George Morrow was a finance guy for the wealthy, the famous, and the powerful. He made the vast majority of the funds of the elite one percent appear, disappear, and re-appear at will, moving it through the banking Meccas of Curacao, Caymans, and Panama. The shell companies this man created were serious businesses on paper, real enterprises that employed hundreds of real human beings, sometimes even turning a profit for real-life investors. It was meticulously executed.
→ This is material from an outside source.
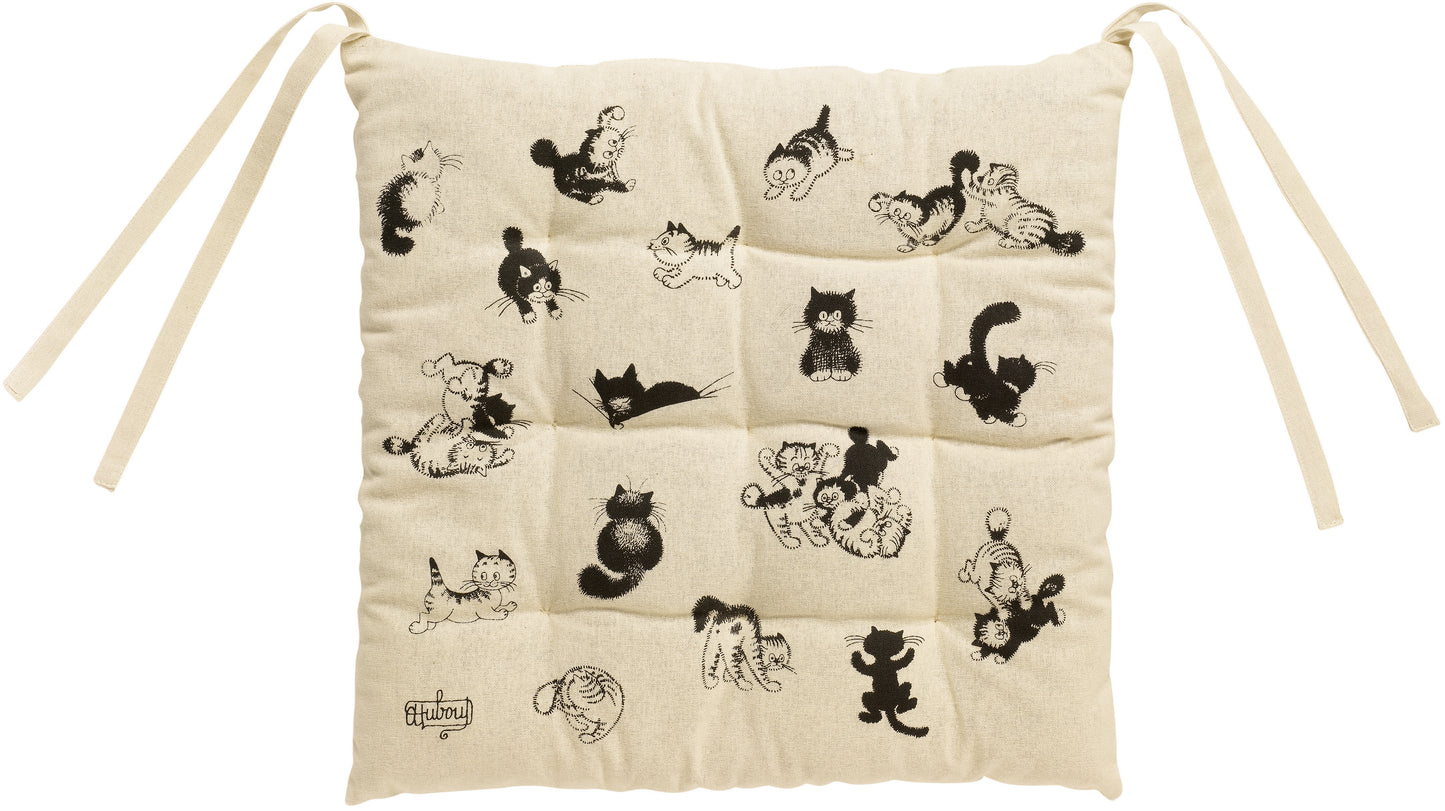Stuhlkissen 9 Punkte Dubout Beige 40 X 40 X 3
Jack hadn’t seen Fortune 500 companies set up so well.
The file went on to describe George Morrow himself, listing his habits, likes, and dislikes, arousing suspicion in Jack’s mind that perhaps this man was innocent of any wrong-doing, which bore the question: why would Evelyn want this man gone?
The soldier next to him tapped him on the shoulder and pointed to the cargo door; soon, Jack realized, it will be time for his jump. He felt a sudden burst of anxiety in his entire body as he hadn’t performed such fool-hardy endeavors in a very long time, fearing that his instincts and his knowledge are all but gone. He always loved the field more than anything, but corporations have a way of convincing a person that something is true even when they know, deep down in their soul, that it is false. For years, his duties were running ops across the globe instead of actually participating. And now, after almost a year of no real field activity, he was parachuting from a plane.
He packed the file into his rucksack, next to the weapons he was given for this mission. The equipment in the back awakened that young and confident operative that made nations fall and rise, allowing him to ignore his initial fears and anxieties.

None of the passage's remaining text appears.